To increase transparency, PeerJ operates a system of 'optional signed reviews and history'. This takes two forms: (1) peer reviewers are encouraged, but not required, to provide their names (if they do so, then their profile page records the articles they have reviewed), and (2) authors are given the option of reproducing their entire peer review history alongside their published article (in which case the complete peer review process is provided, including revisions, rebuttal letters and editor decision letters).
We are pleased to accept your revised manuscript for publication.
# PeerJ Staff Note - this decision was reviewed and approved by Elena Papaleo, a PeerJ Section Editor covering this Section #
The manuscript is clearly written and meets the standard for publication.

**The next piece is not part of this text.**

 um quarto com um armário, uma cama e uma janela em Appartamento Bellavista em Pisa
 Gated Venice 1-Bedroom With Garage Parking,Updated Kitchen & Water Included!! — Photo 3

Experimental design in the revised version is much more transparent than the original form.
The authors have addressed all the major queries comprehensively and this has led to a much improved manuscript.
The reviewer suggestions look addressable, and we look forward to your revision.
The authors should provide a more detailed statistical basis for their haplogroup selection criteria. Why certain SNP combinations are better representatives in the minimalistic tree. Also the authors should provide some statistical analyses of genetic variation within each population, for example between ethnic groups.
In large number of mtDNA haplogroup studies many mtDNAs in a data set can not be assigned to the recognized haplogroups. To identify new basal lineages whole mtDNA sequencing is a must. How does Hi-MC handle this problem which can confound haplogroup assigments.
The authors should elaborate their rank calculation method mathematically. Without the exact details its difficult to assess the exact working of the algorithm. For example how does the algorithm incorporate the phylogenetic weight of each polymorphism in a particular combination of SNPs.
The experimental design is basically the same as Mitchell et al. Hum Genet. 2014. As mentioned above, without the detailed mathematical presentation of the algorithm its difficult to assess the exact working of the algorithm.
The conclusions are valid and the current limitations are well documented but the authors need to put some effort in explaining the basis of these limitations. Why are many Asian-specific haplogroups not well captured? What are the features that need to be improved for the next iteration so that the algorithm will perform well in most populations including Asian ancestry?
The authors should include a section detailing specific advantages and disadvantages of the different mitochondrial haplogroup classification methods.
mtDNA sequencing using NGS methods allow detection of mitochondrial DNA heteroplasmy with minor allele frequencies. The authors should include a section on how a selective SNP set can handle mitochondrial DNA heteroplasmy.
Could NuMTs play a bigger confounding role in a selective SNP panel based method given that any NuMT will have a higher mutation accumulation rate than a standard mitochondirail DNA and without the proper sequence context can complicate the results/inferences.
The manuscript is well written, and a pleasure to read, with appropriate background and detail of the problem.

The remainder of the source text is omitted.